Federal Budget Process
Begins with the President's proposal to Congress, followed by review and modification by the House and Senate. Differences are resolved before final approval by both chambers and the President.
Deficit
A shortfall that occurs when spending exceeds tax revenue. The US has had deficits for most of the last 40-60 years.
Surplus
An excess that occurs when tax revenue exceeds spending, allowing for debt reduction.
Fiscal Policy
The use of taxation and government spending to influence the economy. Aims to promote economic growth, manage inflation, and maintain desired unemployment levels.
Macroeconomic Goals
Economic growth, inflation around 2%, and unemployment around 4-5%.
Demand-Side Policies
Fiscal policies focused on increasing aggregate demand through increased government spending or tax cuts for consumers.
Supply-Side Policies
Fiscal policies focused on increasing aggregate supply, often through tax cuts for businesses (producers).
Reaganomics
Supply-side economic policies popular during the Reagan administration in the 1980s, involving tax breaks for businesses to stimulate production and economic growth.
Mandatory Spending
Federal spending set by existing laws, primarily Social Security, Medicare, and Medicaid.
Discretionary Spending
Federal spending that is determined through the annual appropriations process, mainly military spending and other areas like education.
Deficit Spending
Occurs when a government's expenditures exceed its revenues, typically requiring borrowing to cover the shortfall.
National Debt
The accumulation of all past deficits.
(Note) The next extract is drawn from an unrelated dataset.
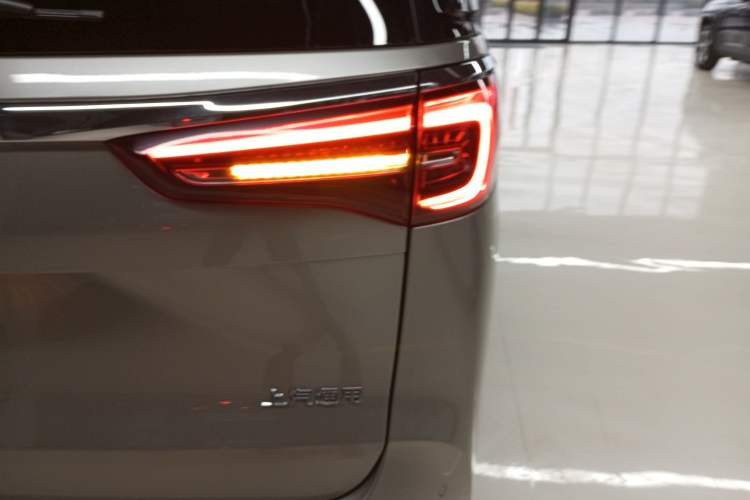 Used Buick GL8 2023 ES Lu Zun Deluxe Model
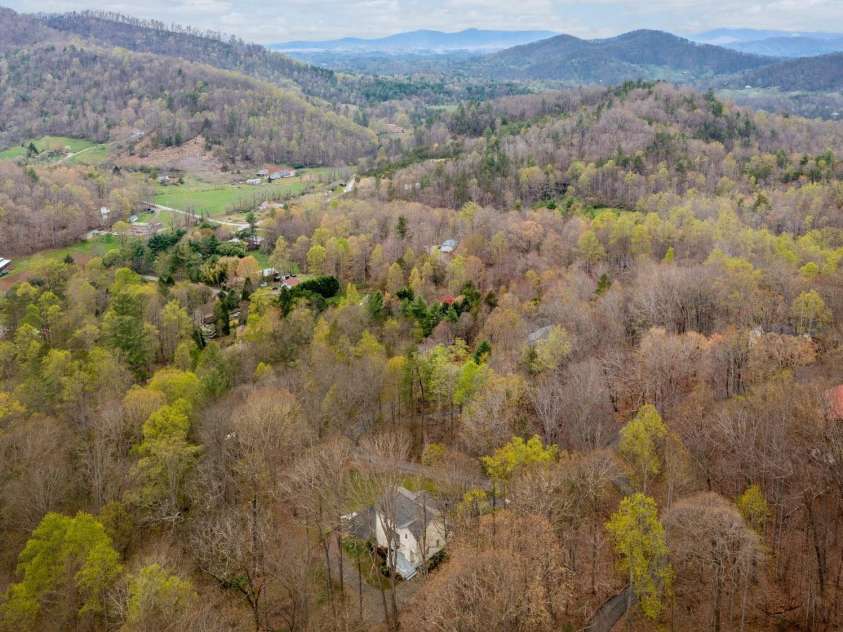 51 Sugar Hill Drive, Weaverville, NC 28787.  MLS# CAR4243411, YatesRealty ID 17014. Beautiful Weaverville Setting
Represents the total amount of money owed by the government.
Debt to GDP Ratio
The ratio of a country's national debt to its gross domestic product (GDP), used to assess its ability to repay its debt.
Proportional Tax
A tax where the percentage paid remains the same regardless of income level (e.g., Michigan's state income tax).
Progressive Tax
A tax where the percentage paid increases as income increases (e.g., federal income tax).
Regressive Tax
A tax with a greater impact on lower-income individuals because it represents a larger portion of their budget (e.g., sales taxes).
Keynesian economics
The idea of government spending in hopes of digging our way out, using fiscal policies like spending, maybe even taxes to boost the economy and get it back on track.